◆ EXERCISE
Which lines of the entries below run from the one holding "Ornate Crimson White Blue Medallion Rug" to the one holding "Kors Silk Tie😎", inclusive? Set down exactly those lines and no others.

==== THE DATA

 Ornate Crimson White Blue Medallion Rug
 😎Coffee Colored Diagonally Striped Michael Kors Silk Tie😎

========
==== THE DATA

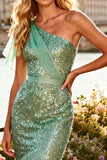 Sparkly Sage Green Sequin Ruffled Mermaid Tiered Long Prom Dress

========

◆ ANSWER FOR THIS EXERCISE
 Ornate Crimson White Blue Medallion Rug
 😎Coffee Colored Diagonally Striped Michael Kors Silk Tie😎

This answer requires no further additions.